# How do "trained" kids turn out later?



## Becky N. (Nov 20, 2001)

Okay, we all have friends/family/coworkers/fill in the blank
that we have to listen talk about their son/daughter who obediently goes to bed at 7 PM every night and sleeps for 15 hrs. straight, all because they "trained" them (CIO, Ferber, whatever you want to call it) at a nice young age. Of course follows the looks of horror when we mention co-sleeping, etc..........

I have a cousin like this. Very nice, educated person. Her dh is very into "promoting independence" in their kids, and thus their 2 & 1/2 yr. old was Ferberized at 5 mos. It only took "one night of crying" and he was all set........... Mind you, he is a VERY easygoing baby who hardly woke anyway.

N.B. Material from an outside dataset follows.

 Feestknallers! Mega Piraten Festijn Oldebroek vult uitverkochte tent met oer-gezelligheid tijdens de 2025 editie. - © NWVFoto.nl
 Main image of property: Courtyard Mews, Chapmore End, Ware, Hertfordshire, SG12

My cousin is also a kindergarten teacher and very into positive discipline, so I don't think they spank (but not sure) She b/f him for 9 mos., then he refused to nurse anymore (???)

I'm getting to my question, really...... bear with me! My cousin's little boy seems to be a very well adjusted, happy, obviously "independent" little guy. He was promptly potty trained at 2 years of age without major problems. The thing is, he's just too good to be true! My dh compares him to a "crate trained dog." Literally, they tell him to go upstairs to bed and he does it---







:

I sometimes have a hard time because I subconsciously start comparing my son (who is the same age) with his cousin. My son is VERY attached to mama, shy, has no interest in the potty, still nurses like a fiend and sleeps with us, waking 2x a night. I know these are all good things, but it sure would be nice to have a moment to myself.

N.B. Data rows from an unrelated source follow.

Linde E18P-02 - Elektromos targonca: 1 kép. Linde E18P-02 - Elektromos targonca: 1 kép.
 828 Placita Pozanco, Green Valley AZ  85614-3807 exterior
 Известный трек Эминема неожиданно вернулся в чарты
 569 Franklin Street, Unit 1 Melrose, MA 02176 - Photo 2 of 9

OKAY-----here's my point. This boy is SOO good and perfect- but his parents went on a week long cruise, of course leaving at Grandma's house the entire time. HE DID NOT CRY FOR HIS PARENTS, OR EVEN ACT LIKE HE MISSED THEM WHEN THEY RETURNED!!! This was when he was just over 2. Is this wierd, or just his personality?

I just have to wonder-- what kind of effect will this super-independence have on him in the future??? Do any of you know older kids that were raised like this, in a loving but somewhat detached household, and what kind of effect do you think it had on them? I know many of us as adults had parents that did nothing but the whole CIO/spanking/etc. deal.. How do you think it has effected you as a person and your relationship with your parents? Or has it affected you at all? And how can you know?
Has anyone done any formal study on this? Has anyone raised one child one way and another child the other way?

thanks for bearing with my long and rambling question.
It's late and I'm having a hard time condensing my thoughts......








good night!

Becky


----------



## Faith (Nov 14, 2002)

I think that shows how he is turning out!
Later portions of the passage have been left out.